Indeed it is. I suspect it's something to do with the PBI system that I don't understand. The location /usr/local/etc seems to be significant in that it's written to by the pbi system. When you call LCDd at /usr/local/sbin it sees a symlink to /usr/pbi/lcdproc-i386/bin….. but the file there is just a place holder of some sort linked to the real file location in /usr/pbi/lcdproc-i386/local/sbin. I'm clearly guessing here but I suspect the various file linking may have the executable looking for the conf file in /usr/pbi/lcdproc-i386/local/etc. Or something like that. ;) It would be easy to do with a bad path.
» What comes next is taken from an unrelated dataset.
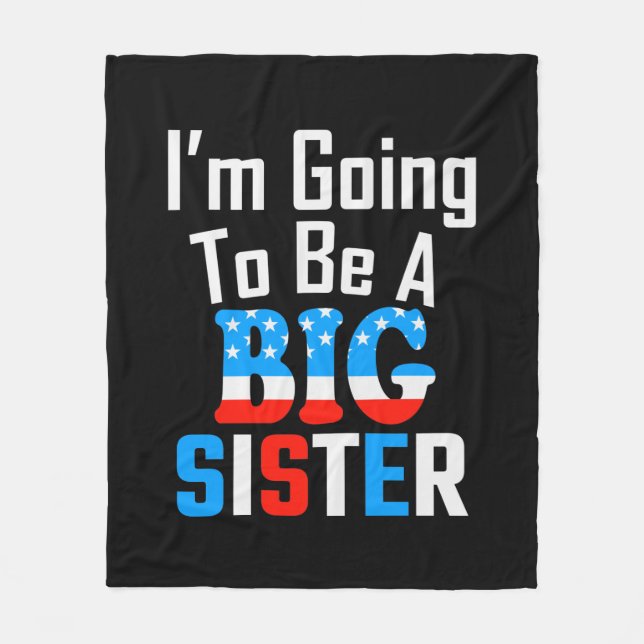 Patriotic I'm Going To Be A Big Sister Fleece Blanket (Front)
It doesn't seem to distinguish between a bad conf file and no conf file at all. Though I've not tried a deliberately bad file.
How do I get my hands on the lcdproc-dev source? I would like to try to update lcdproc to 0.5.7 and go through the LCDd source to try to understand. Do I need any special tools to compile? Can I just setup a freebsd 10 on vmware and compile to recreate the package? I think I remember reading you need some tools from a restricted repository but I am not sure.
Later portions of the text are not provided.